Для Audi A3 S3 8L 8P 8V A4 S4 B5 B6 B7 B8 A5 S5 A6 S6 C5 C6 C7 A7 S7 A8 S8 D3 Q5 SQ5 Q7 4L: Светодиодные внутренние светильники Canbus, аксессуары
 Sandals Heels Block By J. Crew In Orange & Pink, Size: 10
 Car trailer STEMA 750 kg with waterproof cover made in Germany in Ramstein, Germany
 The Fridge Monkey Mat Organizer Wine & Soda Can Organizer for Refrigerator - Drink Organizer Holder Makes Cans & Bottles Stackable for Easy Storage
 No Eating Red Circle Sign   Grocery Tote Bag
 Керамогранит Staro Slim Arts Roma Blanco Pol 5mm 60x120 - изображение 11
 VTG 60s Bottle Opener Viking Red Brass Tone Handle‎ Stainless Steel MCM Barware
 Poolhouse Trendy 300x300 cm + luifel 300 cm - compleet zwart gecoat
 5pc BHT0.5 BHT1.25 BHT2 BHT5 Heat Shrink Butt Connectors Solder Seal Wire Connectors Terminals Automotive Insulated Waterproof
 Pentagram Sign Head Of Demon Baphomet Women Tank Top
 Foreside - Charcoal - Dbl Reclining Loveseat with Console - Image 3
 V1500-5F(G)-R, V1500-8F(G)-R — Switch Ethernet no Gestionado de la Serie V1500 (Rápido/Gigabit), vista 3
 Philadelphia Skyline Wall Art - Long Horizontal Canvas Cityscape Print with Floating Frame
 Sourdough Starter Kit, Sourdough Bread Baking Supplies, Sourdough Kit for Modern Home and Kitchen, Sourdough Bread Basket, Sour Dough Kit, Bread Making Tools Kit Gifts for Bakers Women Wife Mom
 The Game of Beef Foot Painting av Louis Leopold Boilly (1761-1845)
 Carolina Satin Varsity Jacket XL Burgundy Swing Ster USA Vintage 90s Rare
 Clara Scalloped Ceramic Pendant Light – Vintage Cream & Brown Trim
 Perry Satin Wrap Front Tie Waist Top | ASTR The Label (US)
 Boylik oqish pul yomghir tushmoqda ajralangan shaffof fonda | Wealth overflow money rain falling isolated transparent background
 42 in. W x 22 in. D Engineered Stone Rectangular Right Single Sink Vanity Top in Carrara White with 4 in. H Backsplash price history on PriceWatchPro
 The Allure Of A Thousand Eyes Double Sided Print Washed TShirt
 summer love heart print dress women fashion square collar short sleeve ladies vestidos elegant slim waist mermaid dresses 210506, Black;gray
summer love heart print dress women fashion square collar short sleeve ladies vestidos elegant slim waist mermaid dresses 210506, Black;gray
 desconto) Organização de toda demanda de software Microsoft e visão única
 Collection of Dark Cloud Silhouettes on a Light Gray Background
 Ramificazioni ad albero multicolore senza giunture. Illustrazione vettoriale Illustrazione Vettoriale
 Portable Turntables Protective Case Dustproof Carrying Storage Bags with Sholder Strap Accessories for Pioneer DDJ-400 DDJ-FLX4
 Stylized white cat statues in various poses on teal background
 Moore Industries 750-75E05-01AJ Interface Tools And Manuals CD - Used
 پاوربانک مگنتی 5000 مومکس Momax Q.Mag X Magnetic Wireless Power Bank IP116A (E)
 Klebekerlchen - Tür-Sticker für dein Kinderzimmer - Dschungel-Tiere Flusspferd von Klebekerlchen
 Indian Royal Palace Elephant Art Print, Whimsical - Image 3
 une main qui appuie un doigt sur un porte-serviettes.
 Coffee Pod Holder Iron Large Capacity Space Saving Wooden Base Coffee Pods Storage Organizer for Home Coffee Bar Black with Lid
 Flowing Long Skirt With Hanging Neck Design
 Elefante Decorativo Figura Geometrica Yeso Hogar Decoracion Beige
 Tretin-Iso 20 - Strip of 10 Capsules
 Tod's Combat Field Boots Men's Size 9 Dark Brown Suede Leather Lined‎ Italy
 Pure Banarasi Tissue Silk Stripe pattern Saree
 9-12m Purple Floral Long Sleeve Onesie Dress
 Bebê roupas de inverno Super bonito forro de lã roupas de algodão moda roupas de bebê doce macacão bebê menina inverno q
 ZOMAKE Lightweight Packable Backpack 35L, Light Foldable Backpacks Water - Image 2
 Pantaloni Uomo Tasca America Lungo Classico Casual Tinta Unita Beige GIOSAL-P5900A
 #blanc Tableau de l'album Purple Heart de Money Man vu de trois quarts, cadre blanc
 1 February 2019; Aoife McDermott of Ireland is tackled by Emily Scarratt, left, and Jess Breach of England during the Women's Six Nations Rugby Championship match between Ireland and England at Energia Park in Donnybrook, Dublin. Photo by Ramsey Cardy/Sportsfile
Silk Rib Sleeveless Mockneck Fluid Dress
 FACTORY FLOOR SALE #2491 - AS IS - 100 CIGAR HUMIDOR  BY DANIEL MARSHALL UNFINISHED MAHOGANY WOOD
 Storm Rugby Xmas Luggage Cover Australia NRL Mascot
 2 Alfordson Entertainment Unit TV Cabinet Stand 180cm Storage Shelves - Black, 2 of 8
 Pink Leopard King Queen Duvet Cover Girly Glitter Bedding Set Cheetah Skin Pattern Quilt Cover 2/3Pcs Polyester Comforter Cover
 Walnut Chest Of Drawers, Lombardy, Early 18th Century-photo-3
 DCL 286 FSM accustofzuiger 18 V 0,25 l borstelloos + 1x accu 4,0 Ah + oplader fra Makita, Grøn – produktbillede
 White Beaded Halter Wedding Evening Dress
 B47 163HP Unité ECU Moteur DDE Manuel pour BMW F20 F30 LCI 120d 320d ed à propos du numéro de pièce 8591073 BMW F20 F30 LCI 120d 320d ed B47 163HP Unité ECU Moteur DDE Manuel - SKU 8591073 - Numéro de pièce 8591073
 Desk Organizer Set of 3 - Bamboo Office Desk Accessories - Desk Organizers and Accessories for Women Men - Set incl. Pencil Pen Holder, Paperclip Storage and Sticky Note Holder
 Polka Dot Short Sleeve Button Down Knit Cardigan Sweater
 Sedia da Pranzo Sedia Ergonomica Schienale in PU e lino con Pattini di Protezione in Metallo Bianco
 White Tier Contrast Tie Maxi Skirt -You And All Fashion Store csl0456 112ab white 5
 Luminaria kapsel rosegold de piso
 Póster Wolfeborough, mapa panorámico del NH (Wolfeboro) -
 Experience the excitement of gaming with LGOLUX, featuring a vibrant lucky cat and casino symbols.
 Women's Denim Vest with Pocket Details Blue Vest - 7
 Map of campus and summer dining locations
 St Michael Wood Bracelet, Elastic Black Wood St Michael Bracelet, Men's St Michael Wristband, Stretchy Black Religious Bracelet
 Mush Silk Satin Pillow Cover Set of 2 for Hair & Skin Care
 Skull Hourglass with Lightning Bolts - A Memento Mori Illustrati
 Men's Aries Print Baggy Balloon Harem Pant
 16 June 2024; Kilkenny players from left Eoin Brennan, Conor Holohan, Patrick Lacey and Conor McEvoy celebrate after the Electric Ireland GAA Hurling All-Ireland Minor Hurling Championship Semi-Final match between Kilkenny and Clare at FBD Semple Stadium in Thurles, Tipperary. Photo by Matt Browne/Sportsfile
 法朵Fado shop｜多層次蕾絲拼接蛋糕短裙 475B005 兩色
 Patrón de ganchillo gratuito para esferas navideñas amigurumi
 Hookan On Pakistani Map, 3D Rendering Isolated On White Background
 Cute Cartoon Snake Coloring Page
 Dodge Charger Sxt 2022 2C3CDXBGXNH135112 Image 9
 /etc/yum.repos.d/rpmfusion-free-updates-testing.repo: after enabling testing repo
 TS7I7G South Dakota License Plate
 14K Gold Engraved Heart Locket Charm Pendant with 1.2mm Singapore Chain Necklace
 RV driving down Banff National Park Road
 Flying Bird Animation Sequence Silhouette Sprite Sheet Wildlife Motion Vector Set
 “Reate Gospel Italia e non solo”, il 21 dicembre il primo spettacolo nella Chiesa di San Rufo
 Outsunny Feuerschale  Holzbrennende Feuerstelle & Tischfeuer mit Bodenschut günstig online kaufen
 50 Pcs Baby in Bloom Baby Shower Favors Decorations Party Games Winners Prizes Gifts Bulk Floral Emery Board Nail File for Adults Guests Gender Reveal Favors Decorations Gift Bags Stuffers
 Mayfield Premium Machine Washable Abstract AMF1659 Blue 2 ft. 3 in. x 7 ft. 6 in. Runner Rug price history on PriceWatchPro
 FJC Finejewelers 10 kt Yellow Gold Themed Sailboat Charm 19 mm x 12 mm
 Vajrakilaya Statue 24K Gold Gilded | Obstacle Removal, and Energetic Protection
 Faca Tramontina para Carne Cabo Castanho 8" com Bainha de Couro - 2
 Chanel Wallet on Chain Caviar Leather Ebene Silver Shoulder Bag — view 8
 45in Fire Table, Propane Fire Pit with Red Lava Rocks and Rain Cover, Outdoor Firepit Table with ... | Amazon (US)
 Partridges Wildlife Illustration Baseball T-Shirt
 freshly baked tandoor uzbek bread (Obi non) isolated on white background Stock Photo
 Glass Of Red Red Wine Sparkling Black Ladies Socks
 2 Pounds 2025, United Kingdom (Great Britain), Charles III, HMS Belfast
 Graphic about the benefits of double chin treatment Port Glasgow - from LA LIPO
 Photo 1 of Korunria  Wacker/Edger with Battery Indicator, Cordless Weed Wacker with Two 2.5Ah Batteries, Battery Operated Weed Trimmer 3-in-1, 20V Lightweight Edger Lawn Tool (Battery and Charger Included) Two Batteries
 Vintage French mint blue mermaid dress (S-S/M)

────────

▸ **Problem to solve**
Beginning with the line that holds "2 Pounds 2025, United" and ending with the last line of the listing, output every line exactly. Leave out everything else.

▸ **Exercise solution**
 2 Pounds 2025, United Kingdom (Great Britain), Charles III, HMS Belfast
 Graphic about the benefits of double chin treatment Port Glasgow - from LA LIPO
 Photo 1 of Korunria  Wacker/Edger with Battery Indicator, Cordless Weed Wacker with Two 2.5Ah Batteries, Battery Operated Weed Trimmer 3-in-1, 20V Lightweight Edger Lawn Tool (Battery and Charger Included) Two Batteries
 Vintage French mint blue mermaid dress (S-S/M)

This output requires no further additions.